Book Review: Nonviolent Resistance to the Nazis
by Gertjan Cobelens
But what about World War II? It is considered the ultimate trump card in any debate on the effectiveness of nonviolent resistance. Not entirely by accident, it is also the title of an IFOR brochure on this very question. (1) It was President Obama’s main defense for his justification of the use of force in his acceptance speech of the Nobel Peace Prize. It was one of the main stumbling blocks for Martin Luther King Jr. towards embracing nonviolence, and it is the standard reaction of most people involved in government and the military to suggestions of implementing forms of nonviolent civil defense. The implication, of course, is that the Nazi regime was so violent and abhorrent that it could only be stopped by brute force. The other side of the coin, though, is that if one could argue successfully that some forms of nonviolent resistance did prove viable during WWII, it would follow that these strategies would be effective under most circumstances.

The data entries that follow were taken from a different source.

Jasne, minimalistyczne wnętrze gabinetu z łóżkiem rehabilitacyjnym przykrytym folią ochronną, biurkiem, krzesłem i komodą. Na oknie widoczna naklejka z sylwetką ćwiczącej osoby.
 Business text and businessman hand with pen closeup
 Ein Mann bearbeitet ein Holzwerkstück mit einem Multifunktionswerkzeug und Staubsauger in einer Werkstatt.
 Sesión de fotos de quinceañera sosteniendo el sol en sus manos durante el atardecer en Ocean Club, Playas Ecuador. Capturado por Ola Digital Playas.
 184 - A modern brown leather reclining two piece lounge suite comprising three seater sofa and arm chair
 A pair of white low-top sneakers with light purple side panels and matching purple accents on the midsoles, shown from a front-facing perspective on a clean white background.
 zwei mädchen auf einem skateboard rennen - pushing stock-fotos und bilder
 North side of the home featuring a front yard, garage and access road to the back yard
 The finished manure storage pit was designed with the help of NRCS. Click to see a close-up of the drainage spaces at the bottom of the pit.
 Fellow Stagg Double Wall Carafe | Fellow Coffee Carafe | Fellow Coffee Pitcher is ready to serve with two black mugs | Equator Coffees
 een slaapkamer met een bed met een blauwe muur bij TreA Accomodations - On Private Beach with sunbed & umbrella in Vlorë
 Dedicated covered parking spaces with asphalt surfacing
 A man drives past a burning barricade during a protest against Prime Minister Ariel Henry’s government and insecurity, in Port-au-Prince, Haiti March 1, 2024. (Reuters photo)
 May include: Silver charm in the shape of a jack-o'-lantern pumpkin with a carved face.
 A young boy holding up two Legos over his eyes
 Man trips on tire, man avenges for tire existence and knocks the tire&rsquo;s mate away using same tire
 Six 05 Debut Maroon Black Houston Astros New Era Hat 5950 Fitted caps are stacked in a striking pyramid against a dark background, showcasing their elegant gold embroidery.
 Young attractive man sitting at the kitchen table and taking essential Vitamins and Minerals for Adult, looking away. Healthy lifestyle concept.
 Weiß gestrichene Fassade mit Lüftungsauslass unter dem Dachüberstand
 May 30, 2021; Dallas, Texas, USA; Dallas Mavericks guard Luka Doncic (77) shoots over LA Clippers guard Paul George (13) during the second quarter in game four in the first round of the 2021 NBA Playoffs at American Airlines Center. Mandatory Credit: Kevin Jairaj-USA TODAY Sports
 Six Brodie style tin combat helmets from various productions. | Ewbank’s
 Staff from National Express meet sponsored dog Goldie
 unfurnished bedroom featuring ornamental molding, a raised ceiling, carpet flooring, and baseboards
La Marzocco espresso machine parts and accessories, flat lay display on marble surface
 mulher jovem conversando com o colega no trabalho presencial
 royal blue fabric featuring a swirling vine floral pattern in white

That was what the War Resisters’ International set out to demonstrate when, in 1952, they embarked on the idea to put together a book on accounts of nonviolent resistance. Although the WRI succeeded in amassing some first-class examples, the amount of material collected was deemed insufficient to be published as a book. (2) Others followed suit, such as Gene Sharp in his 1958 Peace News Pamphlet Tyranny Could Not Quell Them, in which he detailed the successful non-cooperation campaign by the teachers of Norway, and Jacques Sémelin’s Unarmed Against Hitler: Civilian Resistance in Europe 1939-1943. (3).
George Paxton is a trustee of the Gandhi Foundation in London, editor of the quarterly journal The Gandhi Way, and author of several books and numerous articles on Gandhi. For his recent book Nonviolent Resistance to the Nazis he has collected an impressive amount of research and combined it into “a perspective on the Nazi era which is rarely put forward,” and he has also looked at accounts of rescuing persecuted Jews and at acts that have been much less thoroughly studied, which he describes as “nonviolent resistance by the people on their own behalf.” (4) Roughly a third of his book is devoted to a nation-by-nation account of various forms of nonviolent resistance, another third to fourteen case studies, some of them well-known, others less so, and the last third to his own analysis of the accounts he has presented. The first two parts provide a treasure trove of information, but it is the last part where the book comes into its own. Here he discusses, among many other things, the potential of nonviolent resistance, what makes people potential resisters and rescuers, what makes countries more prone to nonviolent resistance, and what a Gandhian style of nonviolent resistance might have looked like. If we were to have a quibble with the book it might be that, for a second edition, it would be tremendously helpful to students and scholars alike were Paxton to cite the sources for his extensive research.
On the assumption that what worked during WWII will work under most circumstances, the great number of examples in Paxton’s book show that many forms of nonviolent resistance have at least the potential of being a viable strategy. To list some of the best known examples: the rescue of most of the Danish Jews by the citizens of Denmark, the ways in which Norwegian teachers obstructed the implementation of a fascist curriculum, the Rosenstrasse protests by the women of Berlin who managed to rescue their Jewish husbands, André and Magda Trocmé’s resistance work in Le Chambon-sur-Lignon, the people of Assisi’s rescue of thousands of Italian Jews, Sophie Scholl and the White Rose, and, more generally, the widespread use of symbols of resistance. The strategies employed by those mentioned above tended to confuse the Nazi occupiers, as B.H. Liddel-Hart pointed out. He interviewed many Nazi generals responsible for the German occupation throughout Eastern and Western Europe and Liddel-Hart concluded that, “Other [nonviolent] forms of resistance baffled them – and all the more in proportion as the methods were subtle and concealed. It was a relief to them when resistance became violent and when nonviolent forms were mixed with guerrilla action, thus making it easier to combine drastic repressive action against both at the same time.” (5)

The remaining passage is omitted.